◆ Information:
◆ ◆ ◆
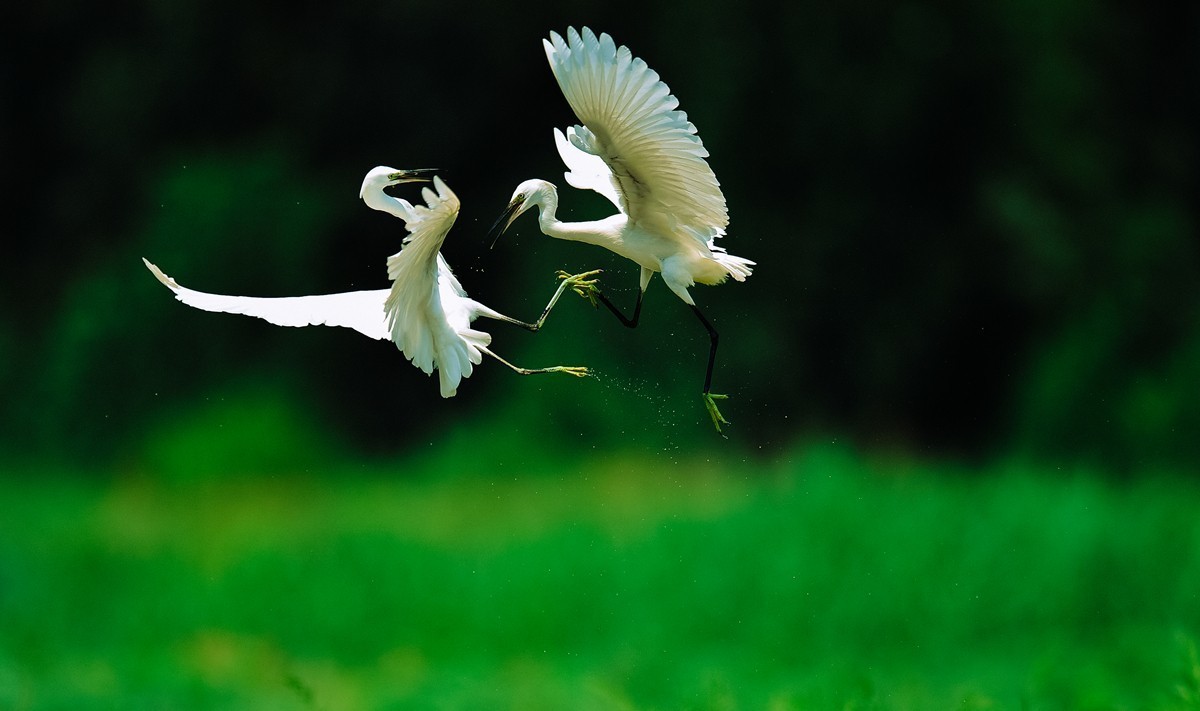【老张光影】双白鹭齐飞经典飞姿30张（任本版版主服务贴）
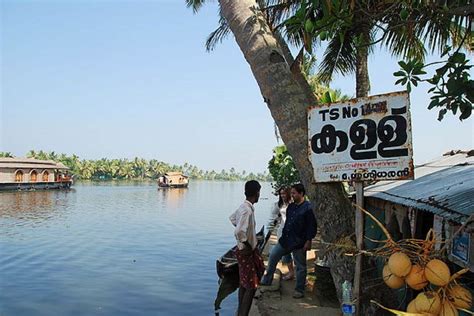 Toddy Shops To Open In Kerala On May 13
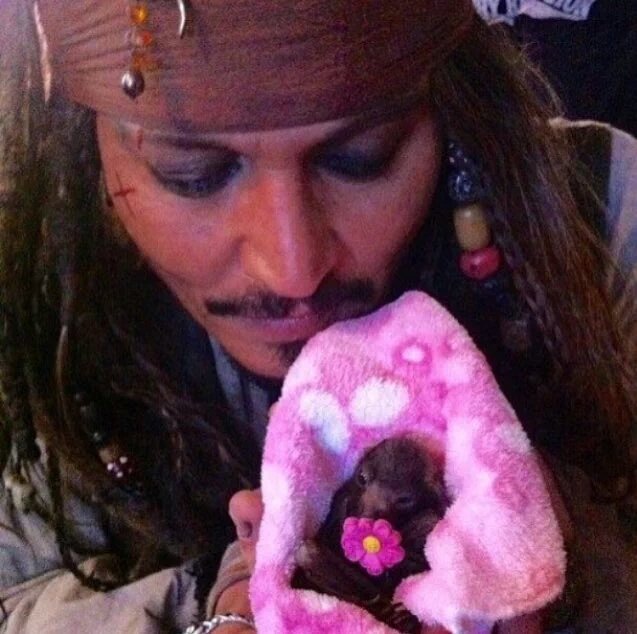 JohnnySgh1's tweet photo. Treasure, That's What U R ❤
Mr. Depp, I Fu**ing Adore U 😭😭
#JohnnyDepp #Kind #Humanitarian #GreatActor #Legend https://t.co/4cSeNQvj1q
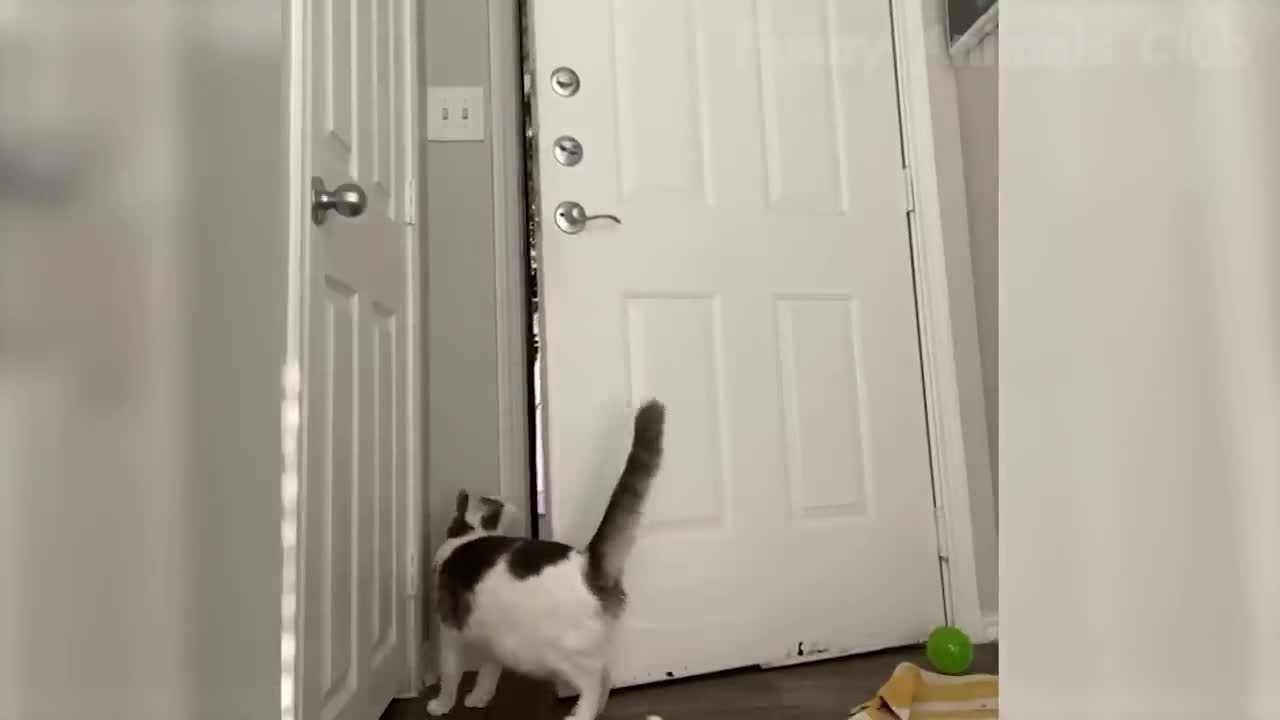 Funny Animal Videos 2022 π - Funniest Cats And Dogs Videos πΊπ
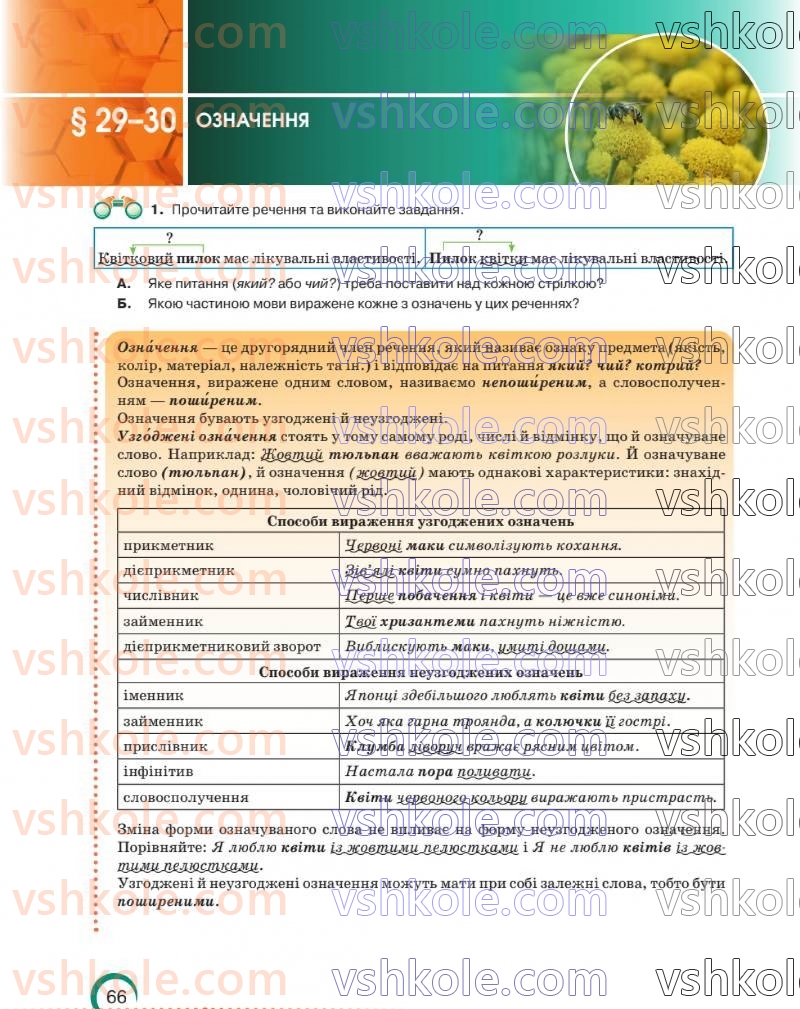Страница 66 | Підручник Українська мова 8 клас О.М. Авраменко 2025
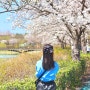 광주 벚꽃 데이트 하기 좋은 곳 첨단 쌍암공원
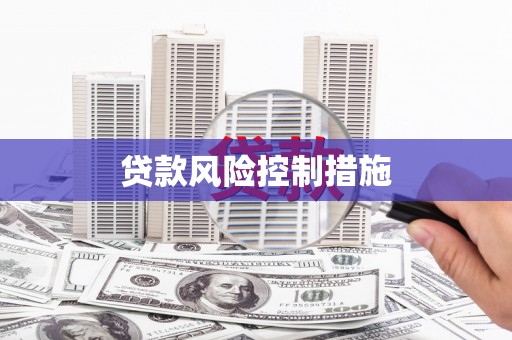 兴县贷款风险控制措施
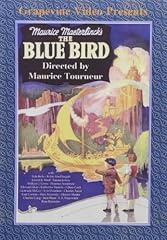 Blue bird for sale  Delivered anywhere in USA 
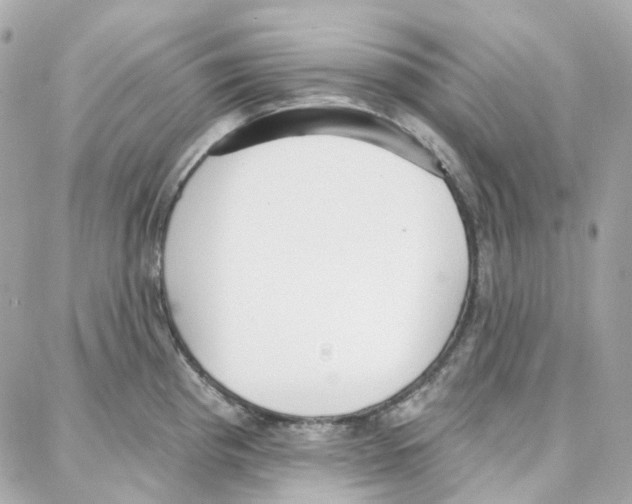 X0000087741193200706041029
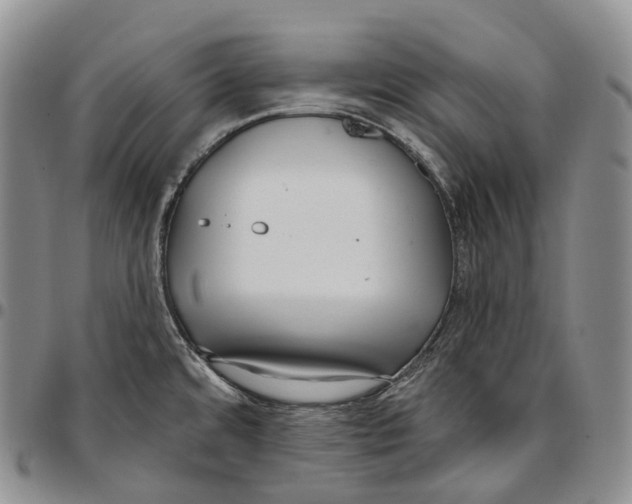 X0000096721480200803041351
◆ ◆ ◆
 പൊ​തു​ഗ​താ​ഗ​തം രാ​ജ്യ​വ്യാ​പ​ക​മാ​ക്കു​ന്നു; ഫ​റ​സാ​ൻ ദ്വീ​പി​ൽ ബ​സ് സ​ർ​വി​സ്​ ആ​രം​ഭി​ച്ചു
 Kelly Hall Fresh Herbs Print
◆ ◆ ◆
Within the listing above, locate the line containing "പൊ​തു​ഗ​താ​ഗ​തം രാ​ജ്യ​വ്യാ​പ​ക​മാ​ക്കു​ന്നു; ഫ​റ​സാ​ൻ" and the line containing "Kelly Hall Fresh Herbs Print". Reproduce those two lines and all lines between them exactly, with nothing added.

 പൊ​തു​ഗ​താ​ഗ​തം രാ​ജ്യ​വ്യാ​പ​ക​മാ​ക്കു​ന്നു; ഫ​റ​സാ​ൻ ദ്വീ​പി​ൽ ബ​സ് സ​ർ​വി​സ്​ ആ​രം​ഭി​ച്ചു
 Kelly Hall Fresh Herbs Print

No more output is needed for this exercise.